Ponciá Vicêncio: as marcas da escravidão no Brasil
Em “Ponciá Vicêncio”, Conceição Evaristo retrata a vida de uma menina-mulher negra, descendente de escravos, cuja família ainda vive nas terras do/próximas a seus antigos senhores e dos quais inclusive carregam o sobrenome. “O tempo passou deixando a marca daqueles que se fizeram donos das terras e dos homens”, diz a autora.
O livro retrata a realidade da abolição da escravatura no Brasil, realizada sem nenhum tipo de compensação para os ex-escravos e com a manutenção de diversas relações serviçais. O livro ainda trata da grilagem dos ex-senhores em cima das terras dos negros e como os brancos se aproveitam do fato de os negros não saberem ler. Tal herança é presente ainda nos dias de hoje, não no livro de Conceição Evaristo, mas na vida real.
Para se libertar da vida da servidão no campo, a menina Ponciá decide tentar a vida na cidade:
“Quando Ponciá Vicêncio resolveu sair do povoado onde nascera, a decisão chegou forte e repentina. Estava cansada de tudo ali. De trabalhar com o barro com a mãe, de ir e vir às terras dos brancos e voltar de mãos vazias. De ver as terras dos negros cobertas de plantações, cuidadas pelas mulheres e crianças, pois os homens gastavam a vida trabalhando nas terras dos senhores, e depois a maior parte das colheitas ser entregue aos coronéis. Cansada da luta insana, sem glória, a que todos se entregavam para amanhecer cada dia mais pobres, enquanto alguns conseguiam enriquecer a todos os dias. Ela acreditava que poderia traçar outros caminhos, inventar uma vida nova” (:30).
Na cidade, a realidade da pobreza, da solidão, da violência e da falta de sentido mostram que Ponciá não consegue se libertar do passado, representado pelo avô que trazia em si a angústia de ser escravo, o que o levou à loucura. Na linha do que ocorreu com o avô, Ponciá afirma que era bom mesmo que todos os seus filhos tivessem morrido ainda bebês, para não terem a mesma sorte das crianças que conhece em seu entorno, que viviam na miséria, pois
“A vida escrava continuava até os dias de hoje. Sim, ela era escrava também. Escrava de uma condição de vida que se repetia. Escrava do desespero, da falta de esperança, da impossibilidade de travar novas batalhas, de organizar novos quilombos, de inventar outra e nova vida” (:72).
Outro personagem importante é Luandi, irmão de Ponciá, cujo ideal é ser soldado para “mandar.

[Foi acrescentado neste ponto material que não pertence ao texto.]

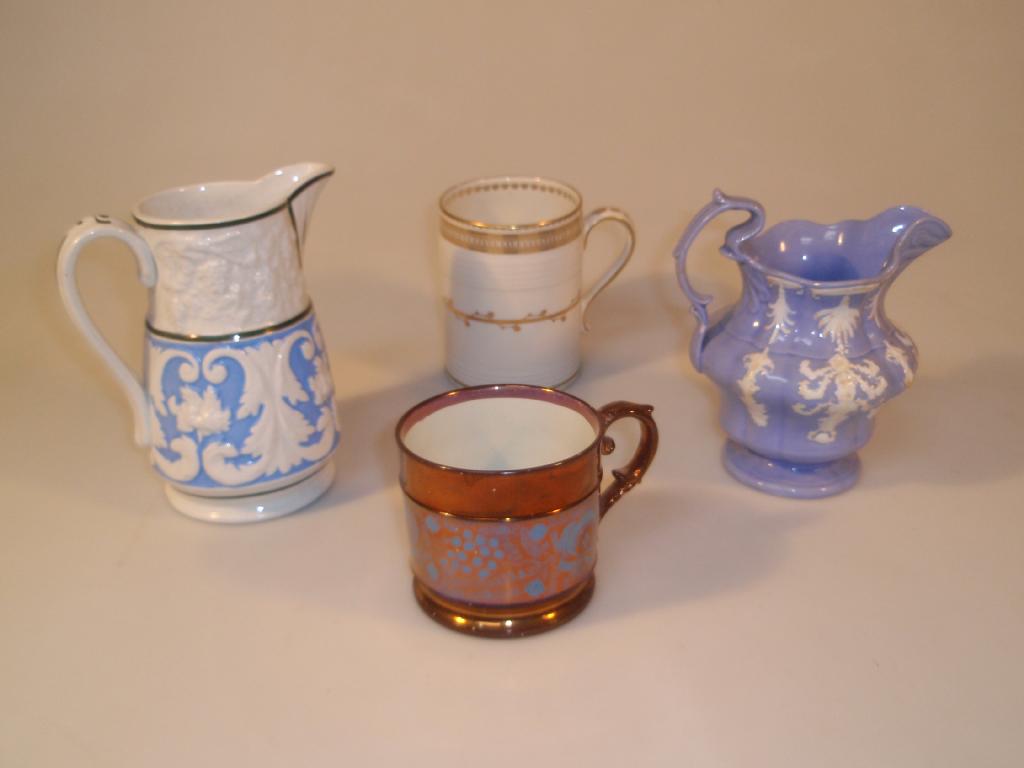 Appraisal: A Derby porcelain mug with a scroll handle the straight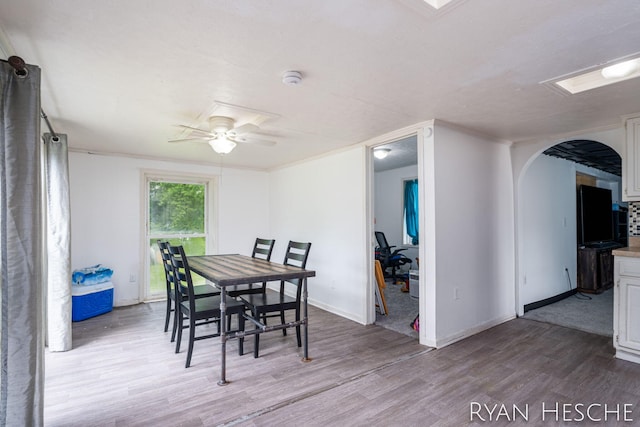10340 Kartz Rd, Greenville, MI 48838 - dining space with arched walkways, wood finished floors, and ceiling fan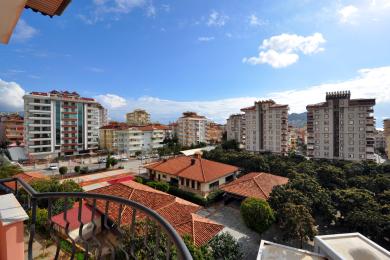 Pogled s balkona nekretnine u Alanji koji prikazuje arhitekturu grada pod vedrim, sunčanim nebom.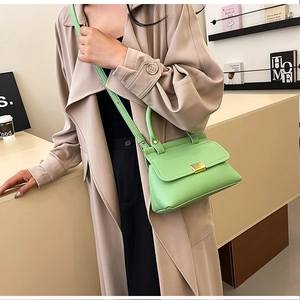 Dettaglio borsa verde brillante con trama litchi e fibbia dorata indossata da modella
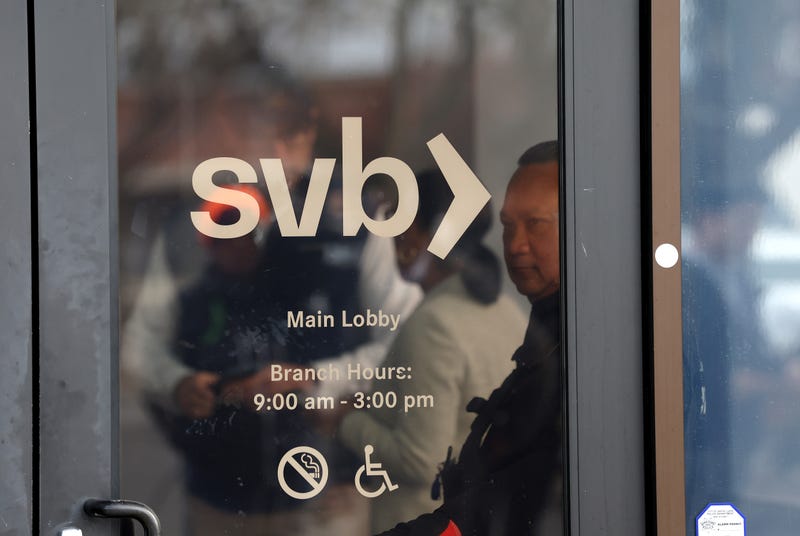 A security guard at Silicon Valley Bank monitors a line of people outside the office on March 13, 2023 in Santa Clara, California. Days after Silicon Valley Bank collapsed, customers are lining up to try and retrieve their funds from the failed bank.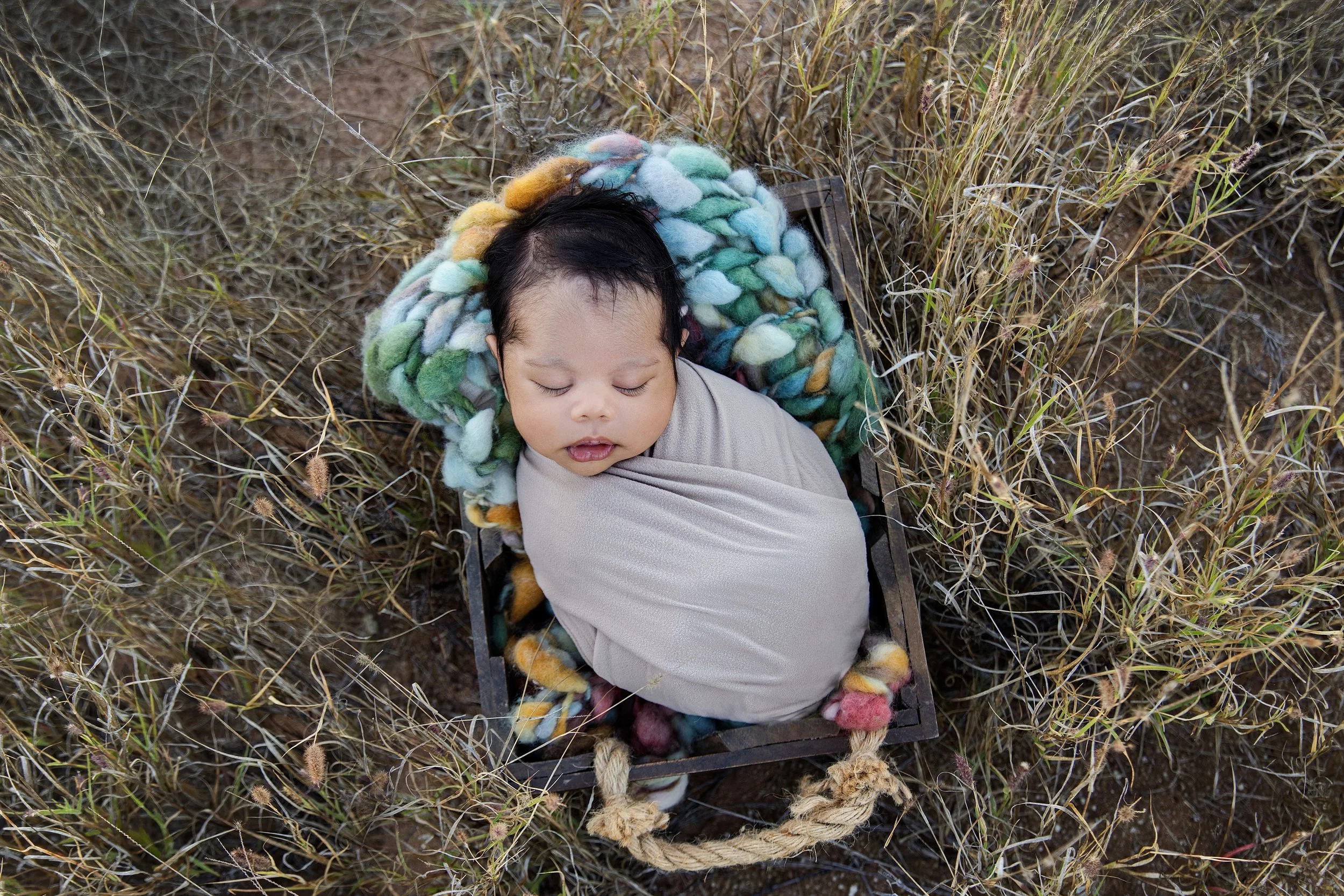 A young child with short black hair is sleeping outdoors on a wooden platform, wrapped in a multicolored blanket, surrounded by dry grass. Outdoor newborn photoshoot, Karratha photographer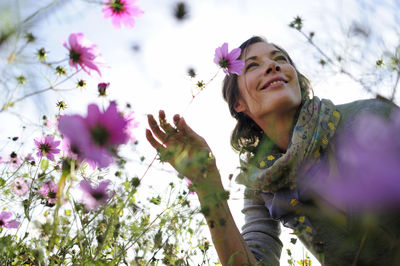 Portrait of women smelling on wild flower, flower meadow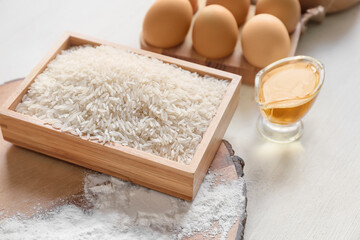 Box with rice on table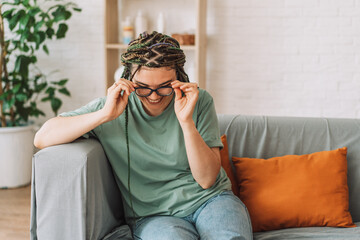 Obraz premium Smiling girl putting on glasses while sitting on the couch.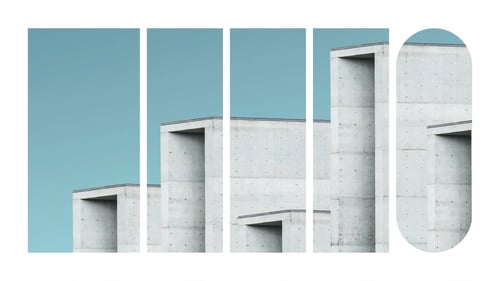 Buildings next with a blue sky behind them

Prender. Bater. Queria ter a voz alta e forte como a dos brancos”. Luandi fica na dúvida caso houvesse uma guerra entre pretos e brancos ou entre ricos e pobres: “Se tivesse uma guerra dessas, de que lado ficaria?” Mas o Luandi sedento por ter voz de mando recebe um alerta da sábia Nêngua Kainda: “Se a voz de Luandi não fosse o eco encompridado de outras vozes-irmãs sofridas, a fala dele nem no deserto cairia. Poderia sim, ser peia, areia nos olhos dele, chicote que ele levantaria contra os corpos dos seus”…
O texto, ainda que ficção, traz uma poderosa reflexão sobre como a escravidão moldou e ainda molda a sociedade brasileira.
“Ponciá Vicêncio” foi publicado pela Editora Mazza em 2003 e ganhou novas edições ao longo dos anos, sendo a última da Editora Pallas, em 2017, na qual nos baseamos para esse texto.